I'm going out for a walk now and enjoy some of Lorraine's sunshiney day.  Did I put "walks" down as one of the reasons I'm living here?  If I didn't, they are.  They ground me, make me feel a little Henry David Thoreau-ish.  I'm reading "Walden" now, by the way, and for the first time.  This came at the gentle urging of my friend Brian and the writer EB White, both of whom are big Thoreau fans.  In EB's case the nudge came from an essay of his called "A Slight Sound at Evening" which celebrated the 100th anniversary of the printing of "Walden" which he wrote in 1954, the year of my birth.  Like EB, I can go back and forth on "Walden" - I get tired of his harangues against society, in particular - but I do feel a kinship to Thoreau, especially on these solitary days when Richard's away.  Thoreau's experiment to cut himself away from the bustle of society and choose instead to be more closely aligned with a natural pace so parallels my life right now.  It's stunning at times.  And when Thoreau connects to what he's experiencing, what he's learning, what he had intended, there's a poetry and presence in his words that speaks to me directly.  "I went to the woods because I wished to live deliberately, to front only the essential facts of life, and see if I could not learn what it had to teach, and not, when I came to die, discover that I had not lived.  I did not wish to live what was not my life ... I wanted to live deep and suck out all the marrow of life."  And here's another passage for you, more famous perhaps.  "I learned this, at least, by my experiment: that if one advances confidently in the direction of his dreams, and endeavors to live the life which he has imagined, he will meet with a success unexpected in common hours."
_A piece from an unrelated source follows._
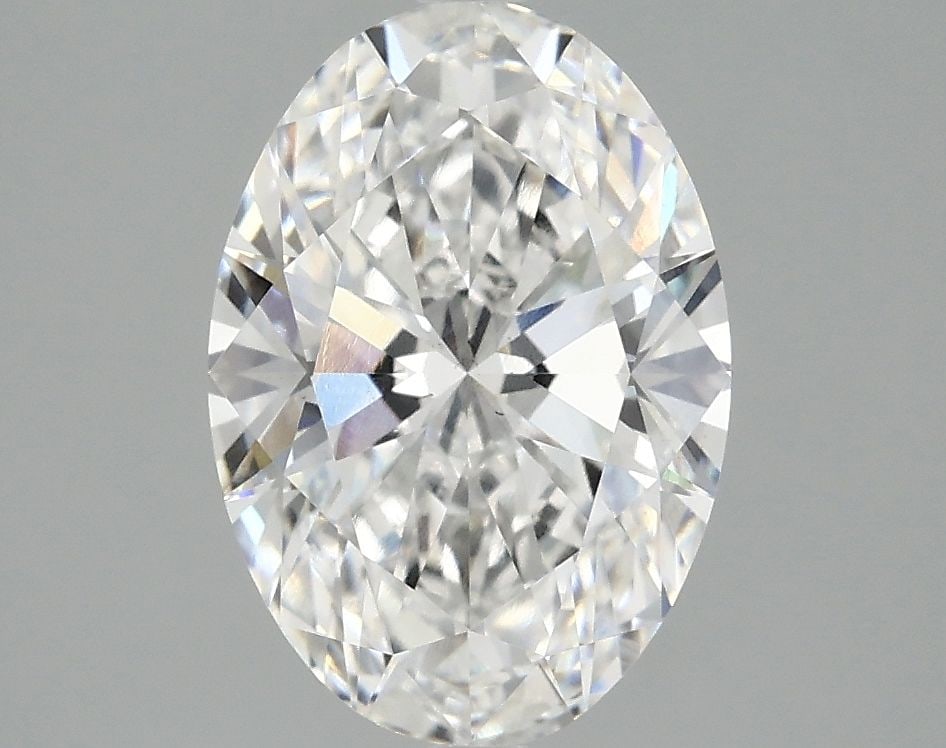 Loose Diamond - OVAL 2.53ct E VS2: Loose Diamond - OVAL 2.53ct E VS2 Source: This is a real non-mined Diamond that has been grown in a lab Shape: OVAL Carats: 2.53 Color: E Clarity: VS2 Certification: IGI Video:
I don't know if I've ever known the direction of my dreams or whether I have an imagined life that I endeavor to fulfill.  Of course there have been things I've wanted, that I've gone after, but all in all, I don't think I'm a good one when it comes to clearly identifying my dreams and goals ahead of time.  They seem to find me, and through the experiencing of them first hand then I realize that they're my dreams.  I've spent a long time questioning that natural process and many times labeling it deficient, telling myself that I SHOULD know my dreams, that something was WRONG if I didn't, that I'd better buck up and get with the program.  But I'm realizing that this is what my trip to the woods may be teaching me, that there is a way, MY way, my NATURAL way, not to be questioned, but to be nurtured and appreciated.  I don't have to harangue against the way other people live their lives, how they set and meet their dreams and goals.  That's their business.  But maybe rediscovering and accepting my unique way of living is my particular beat to a different drummer, maybe this is what keeps me from a life of quiet desperation.  So I allow it to find me, I take my hands off the controls, I open to it, I welcome it like an unexpected phone call on a Sunday morning or a shipment of baby chicks that need to warmed and cared for. 




2 comments:

Anonymous said...

Dan, thanks for sharing this with us.
Craig

Anonymous said...

If these writings were in a book, I would read a chapter every morning. Thank you for making me appreciate the silence in the Pocono Mountains.